Friday, November 15, 2013

Toomer v. Witsell case brief

Toomer v. Witsell case brief summary
334 U.S. 385 (1948)

Appellants, nonresident fishermen and a fish dealers' organization, sought review of a judgment of the District Court of the United States for the Eastern District of South Carolina, which denied an injunction and dismissed the suit in favor of appellee state officials. Appellants sought to enjoin the enforcement of S.C. Code Ann. §§ 3300, 3379, 3414, statutes governing commercial shrimp fishing in the maritime belt off the state's coast.

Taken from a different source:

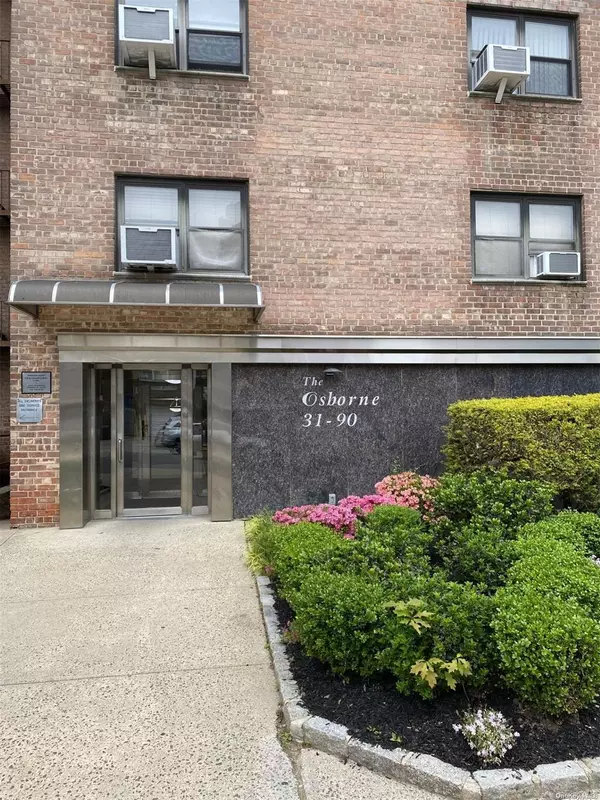 31-90 140th #6A, Flushing, NY 11354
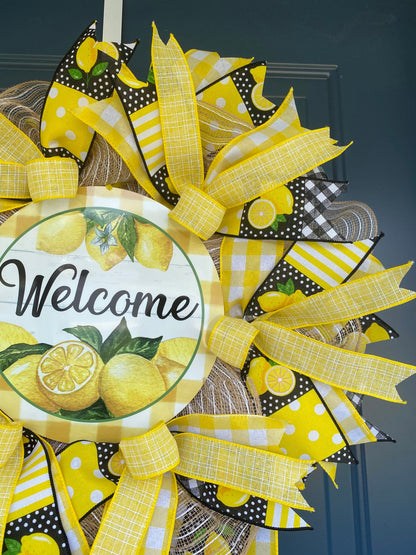 Lemon Welcome Wreath for Front Door, Summer Lemon Kitchen Decor, Lemon Porch Decor, Yellow and White Door Hanger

  • Appellants sought to have the state statutes declared unconstitutional. 
  • The Court reversed the trial court's decision as to S.C. Code Ann. §§ 3379, 3414 and affirmed the decision as to S.C. Code Ann. § 3374. 
  • The state was allowed to require nonresidents to pay state income taxes on profits made for operations off its waters.
  • The statute required nonresidents to pay a shrimp boat licensing fees 100 times greater than what residents were required to pay.  
  • The court said that this statute was unconstitutional because it violated the Privileges and Immunities Clause, U.S. Constitutional Article IV, § 2
  • The purpose of the statute was not the permissible conservation of shrimp but the discriminatory exclusion of nonresidents and the creation of a commercial monopoly for residents. 
  • S.C. Code Ann. § 3414, which imposed a tax stamp on shipments of shrimp out of state, violated the Commerce Clause. 
  • By permitting its shrimp to be sold in interstate commerce, the state terminated its control. 
  • However, S.C. Code Ann. § 3374, imposing a tax on shrimp taken from the belt, did not unduly burden interstate commerce. 
  • The state had the power to regulate fishing in the belt, and the fish caught were not "imports."

The Court affirmed the district court's judgment refusing equitable relief with respect to the state tax shrimp taken in the waters in the three-mile belt. The court reversed the refusal to grant relief with respect to shrimp boat licenses and tax stamps on shrimp shipments.